Collected data:
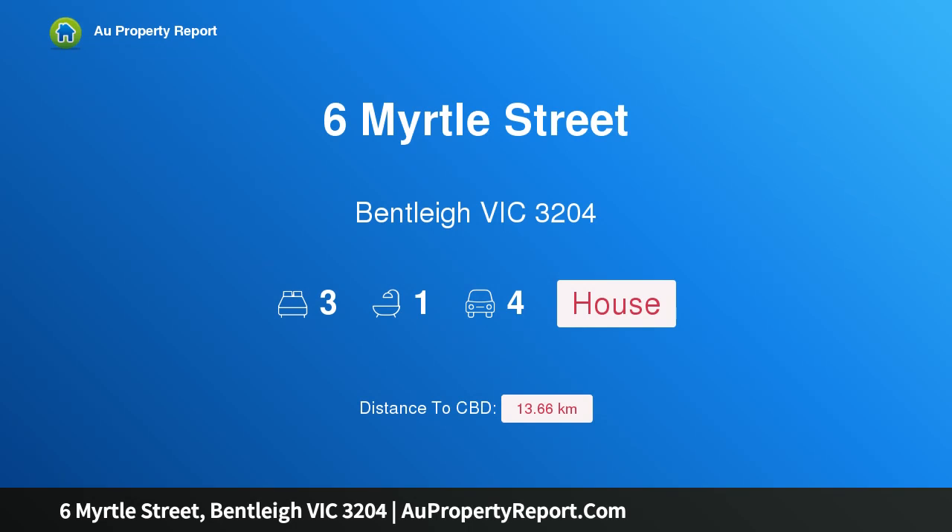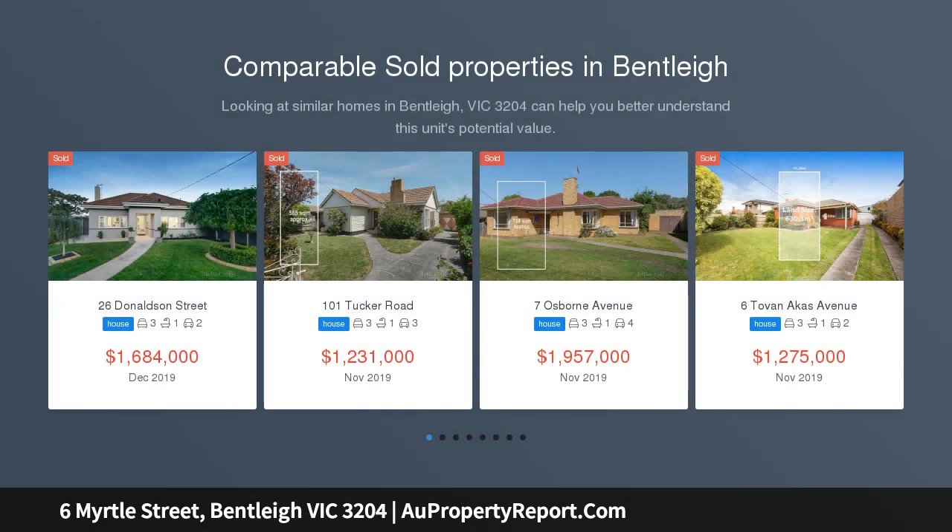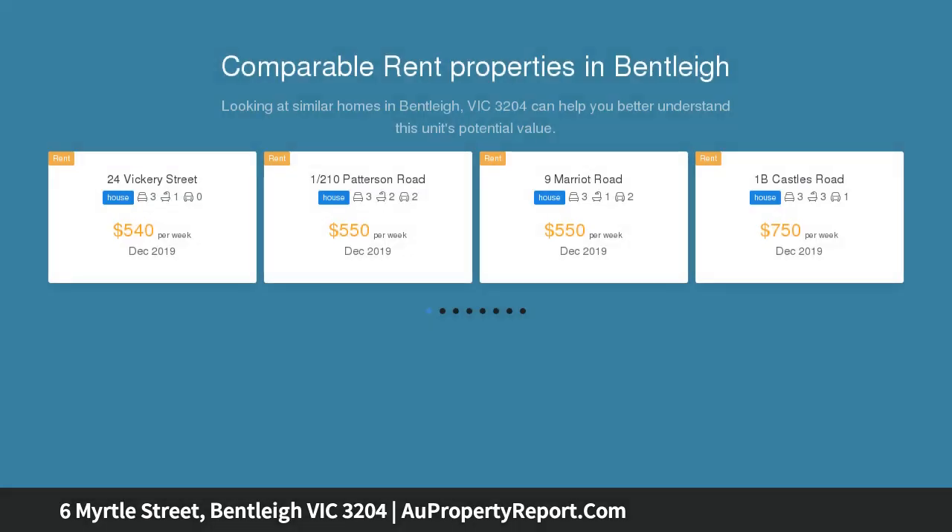Welcome to 6 Myrtle Street, Bentleigh VIC 3204 — dive in off Centre Road and in zone. Dive into life in this premier college zone location. This elevated, well-maintained home is just off Centre Road and only minutes to McKinnon Secondary College.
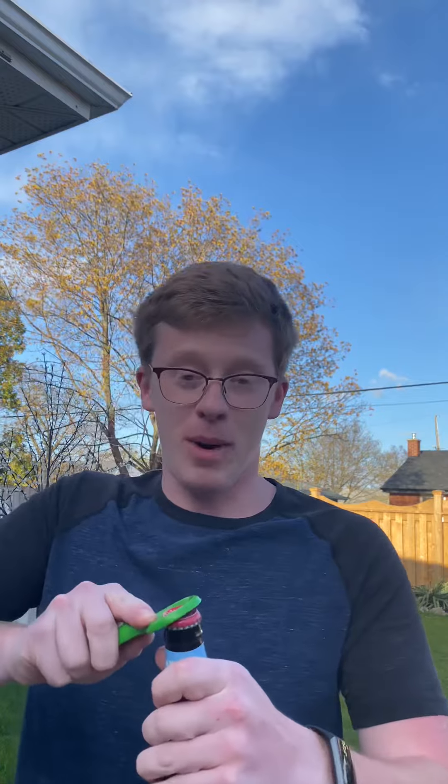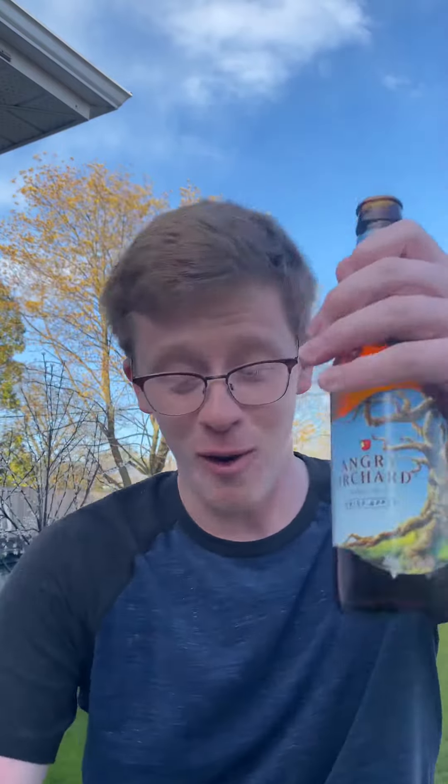I'll be honest, I don't drink out of bottles a lot, so I'm curious as to how it'll go, me trying to open this. But apparently I got it — let's go.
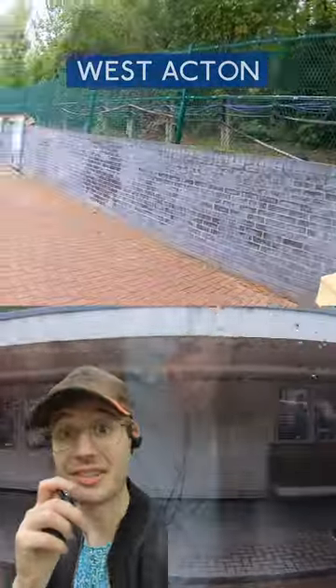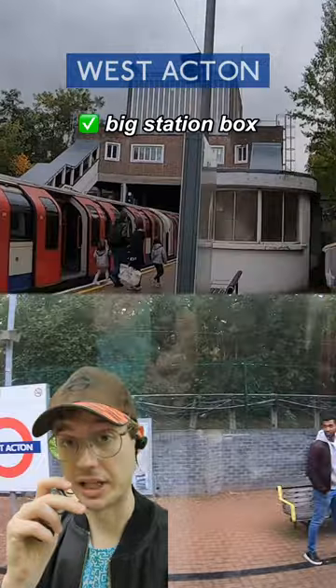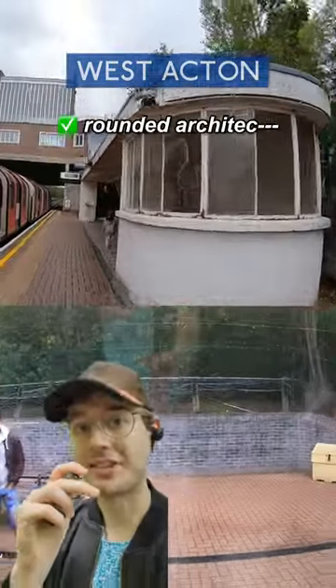We're back in Acton, this time west, and getting off the train it feels alright. There's a nice big station box up ahead and we like those. The ends of the platforms are nicely rounded.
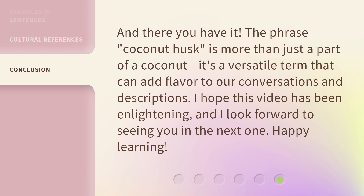It's a versatile term that can add flavor to our conversations and descriptions. I hope this video has been enlightening, and I look forward to seeing you in the next one. Happy learning!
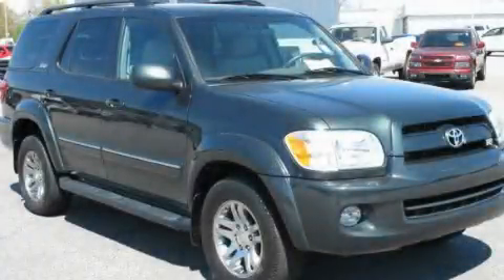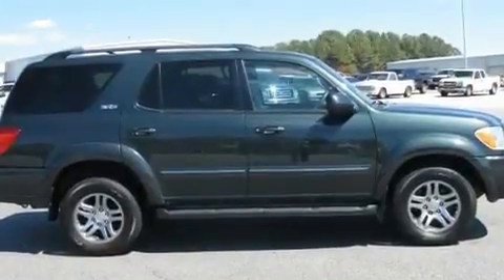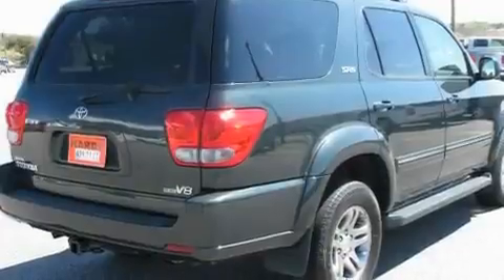This is a 2007 Toyota Sequoia, a big SUV for big fun. It features a 4.7-liter 8-cylinder engine and a 5-speed automatic transmission.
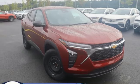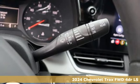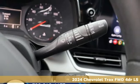Here's a new 2024 Chevrolet Trax. Safe and fuel-efficient, this Trax is a versatile CitySmart urban cruiser.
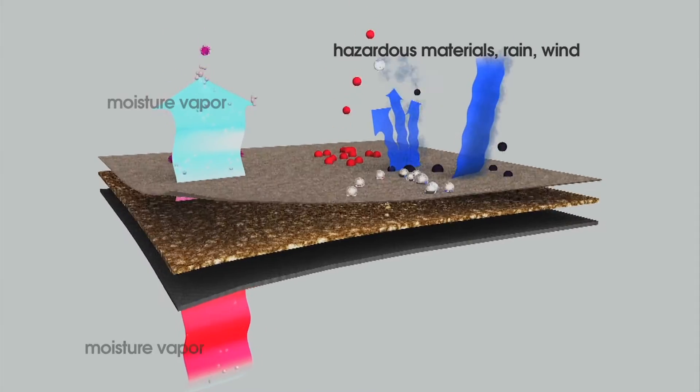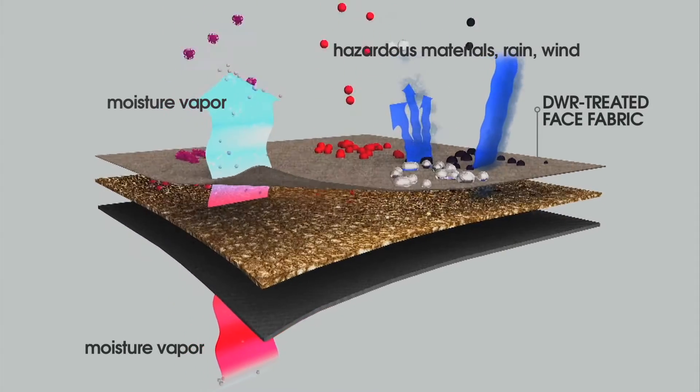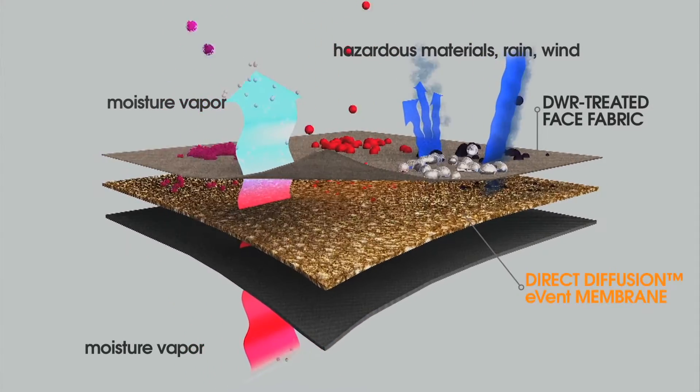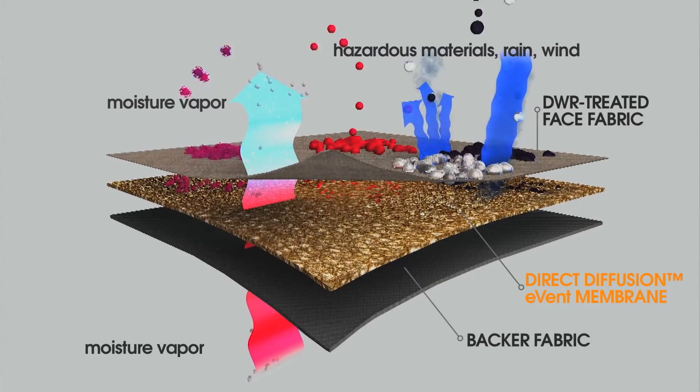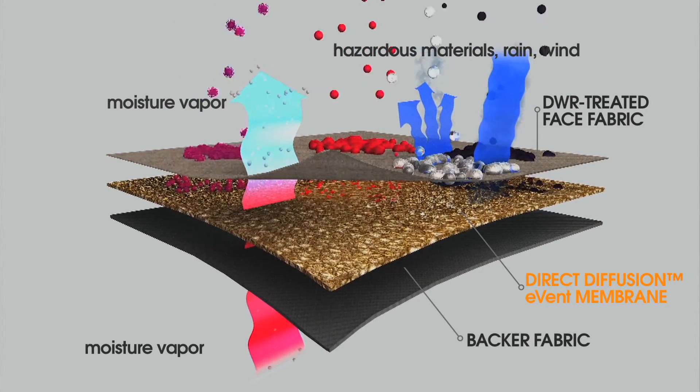Event Protective laminates consist of three parts: a face fabric with a durable water repellent treatment; a bi-component laminate consisting of an Event PTFE membrane with a polyurethane coating; and a backer material to provide extra protection and durability on the inside of the garment.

DIRECTIONS >> Transcribe all of the records exactly, without reproducing their pictures.

ANSWER TO THIS EXERCISE >>
Welcome to 6 Myrtle Street, Bentleigh VIC 3204 — dive in off Centre Road and in zone. Dive into life in this premier college zone location. This elevated, well-maintained home is just off Centre Road and only minutes to McKinnon Secondary College.
I'll be honest, I don't drink out of bottles a lot, so I'm curious as to how it'll go, me trying to open this. But apparently I got it — let's go.
We're back in Acton, this time west, and getting off the train it feels alright. There's a nice big station box up ahead and we like those. The ends of the platforms are nicely rounded.
It's a versatile term that can add flavor to our conversations and descriptions. I hope this video has been enlightening, and I look forward to seeing you in the next one. Happy learning!
This is a 2007 Toyota Sequoia, a big SUV for big fun. It features a 4.7-liter 8-cylinder engine and a 5-speed automatic transmission.
Here's a new 2024 Chevrolet Trax. Safe and fuel-efficient, this Trax is a versatile CitySmart urban cruiser.
Event Protective laminates consist of three parts: a face fabric with a durable water repellent treatment; a bi-component laminate consisting of an Event PTFE membrane with a polyurethane coating; and a backer material to provide extra protection and durability on the inside of the garment.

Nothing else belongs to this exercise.